GOAL OF THE EXERCISE —
Wherever pictures appear in the listing below, leave them out, and copy exactly, and only, everything from the line with "Горелка для полуавтомата" down to the line with "WEST VALLEY MYRA DOURADA".

EXERCISE INPUT —
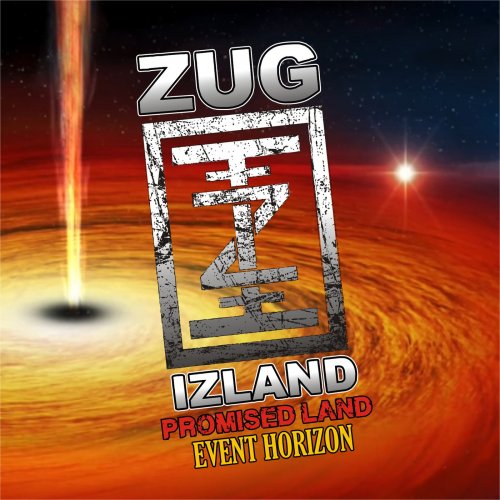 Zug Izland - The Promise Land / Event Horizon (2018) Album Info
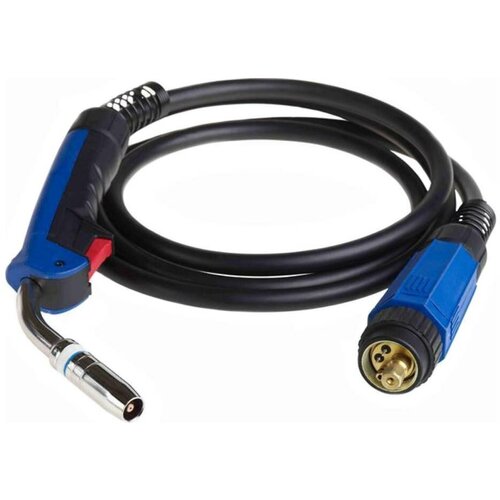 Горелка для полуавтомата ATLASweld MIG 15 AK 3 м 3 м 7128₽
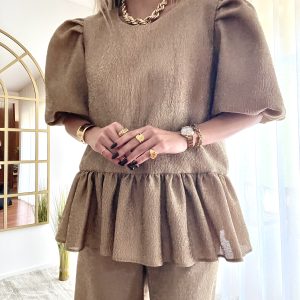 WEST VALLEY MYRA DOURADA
...
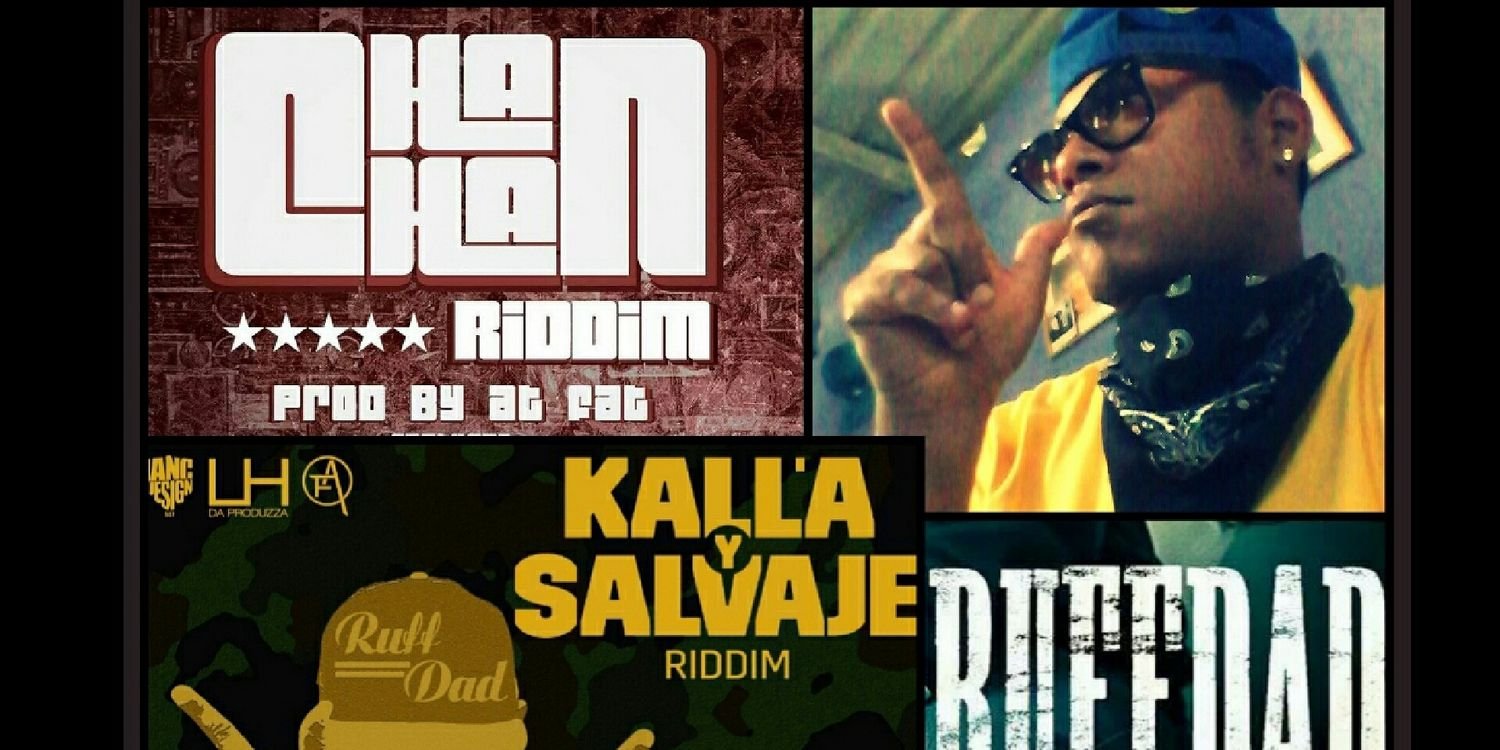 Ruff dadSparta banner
--
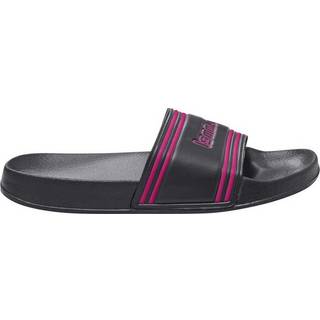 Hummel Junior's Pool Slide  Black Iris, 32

RESULT —
 Горелка для полуавтомата ATLASweld MIG 15 AK 3 м 3 м 7128₽
 WEST VALLEY MYRA DOURADA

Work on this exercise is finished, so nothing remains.